If you are starting up a new business, or are simply reassessing the cost of an already existing business, it's important to accurately assess the information technology and telephony requirements of the business. The considerable expense associated with the information services is an extremely compelling reason to accurately assess the requirements of your business, though many simply do not know where to begin.

Number of employees

The first consideration when assessing the IT and telephony requirements of your business is the size of the business itself. The more staff your company employs, the more work terminals your premises will require, and with this, the greater number of data connections that will be required. Internet service providers will usually provide your business with a single network connection, which is then distributed to each workstation via the network system of the business. The number of network connections coming into your business is not itself important; the network bandwidth is the most important property to pay attention to when assessing your data provision, since it is directly related to the connection speed, and the charge incurred will be based on network bandwidth rather than the physical number of connections. The number of phone lines, however, may vary, since each phone call will require its own dedicated line. For this reason, the telephony charges must be assessed per line, assuming that each employee has at least one line of their own.

Nature of data utilised

The data requirements of your business depend largely on the nature of the data with which your business deals. A company which sells services or products online will obviously use much less data than one dedicated to providing a web hosting or video streaming service, for example, and so the precise type of data being transmitted must be accounted for when assessing the network requirements of a business.

Number of calls

Counting the number of calls each of your employees make on a daily basis is one of the best ways to assess the total call volume your company deals with. Companies which sell a service and must contact other firms to put in orders and compete for contracts will rack up a much greater phone bill than small retail firms which use the phone only to place orders for stock. As well as this, a company which is designed to accept phone orders may require a number of phone lines in order to keep queues down and to keep queries being answered in a timely manner. As well as calls from external sources, it is worth bearing in mind that employees will frequently find the need to make calls to other staff within the company. This is not so much of a problem for a small business with perhaps two departments or premises, but in businesses which maintain a multitude of depots, retail outlets, or departments within one building, the cost of facilitating a large volume of internal calls can soon add up, and should therefore be factored into any business assessment.

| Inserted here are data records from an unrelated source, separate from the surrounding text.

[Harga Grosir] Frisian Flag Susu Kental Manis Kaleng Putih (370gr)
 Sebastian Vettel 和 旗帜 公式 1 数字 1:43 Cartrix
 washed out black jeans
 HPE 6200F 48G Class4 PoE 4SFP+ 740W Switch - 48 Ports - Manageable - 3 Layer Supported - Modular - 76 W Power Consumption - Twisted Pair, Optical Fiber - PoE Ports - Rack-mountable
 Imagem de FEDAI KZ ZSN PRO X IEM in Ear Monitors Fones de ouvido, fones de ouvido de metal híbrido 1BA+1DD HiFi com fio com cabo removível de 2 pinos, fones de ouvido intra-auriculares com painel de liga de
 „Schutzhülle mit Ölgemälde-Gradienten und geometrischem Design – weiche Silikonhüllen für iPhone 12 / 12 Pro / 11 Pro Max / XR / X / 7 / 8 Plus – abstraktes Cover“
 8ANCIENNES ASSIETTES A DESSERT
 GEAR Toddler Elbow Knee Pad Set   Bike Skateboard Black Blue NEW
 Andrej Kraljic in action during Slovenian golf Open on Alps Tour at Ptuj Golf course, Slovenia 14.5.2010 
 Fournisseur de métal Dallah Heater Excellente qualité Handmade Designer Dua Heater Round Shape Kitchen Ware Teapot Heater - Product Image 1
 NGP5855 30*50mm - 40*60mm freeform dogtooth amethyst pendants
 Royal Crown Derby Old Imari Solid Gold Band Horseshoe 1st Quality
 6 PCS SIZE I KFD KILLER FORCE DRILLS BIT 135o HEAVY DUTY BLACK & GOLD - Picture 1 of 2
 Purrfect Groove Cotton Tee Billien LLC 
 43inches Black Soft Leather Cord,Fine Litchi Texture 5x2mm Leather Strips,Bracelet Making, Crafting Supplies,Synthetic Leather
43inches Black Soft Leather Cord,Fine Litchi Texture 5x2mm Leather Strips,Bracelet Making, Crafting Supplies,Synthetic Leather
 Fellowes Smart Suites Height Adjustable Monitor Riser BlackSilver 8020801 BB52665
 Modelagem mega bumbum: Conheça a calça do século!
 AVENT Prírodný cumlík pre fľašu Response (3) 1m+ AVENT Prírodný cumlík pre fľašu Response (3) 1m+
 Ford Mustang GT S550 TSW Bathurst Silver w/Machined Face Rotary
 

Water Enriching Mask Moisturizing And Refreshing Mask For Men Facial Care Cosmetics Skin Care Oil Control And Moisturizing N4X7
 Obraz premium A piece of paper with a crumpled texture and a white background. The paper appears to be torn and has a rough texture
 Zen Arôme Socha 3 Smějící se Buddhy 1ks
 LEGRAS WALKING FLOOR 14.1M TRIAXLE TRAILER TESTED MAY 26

Method of customer service

Your company's chosen method of customer service is an obvious factor in the amount and type of data your company will use most. Small-to-medium businesses may rely heavily on telephone-based customer service, and so require a greater number of phone lines to be connected to their business. Companies which have their own website may well operate the majority of their customer service online, and so are more likely to require a larger network bandwidth in order to meet the demands of their associated online community. It is also possible, rather than tailoring your data connections to the type of customer service provided, to tailor your customer service to the type of network connection which is most readily available, and most cost efficient in your business.

Whether you're starting up a new business, or simply trying to save some money within an existing one, taking stock of the data requirements of your business is a great place to start. The information provided above should act as a platform from which you will be able to fully and accurately assess the IT and telephony requirements of your business, and so will give you a better idea of what is being spent on these vital resources, and what can be saved.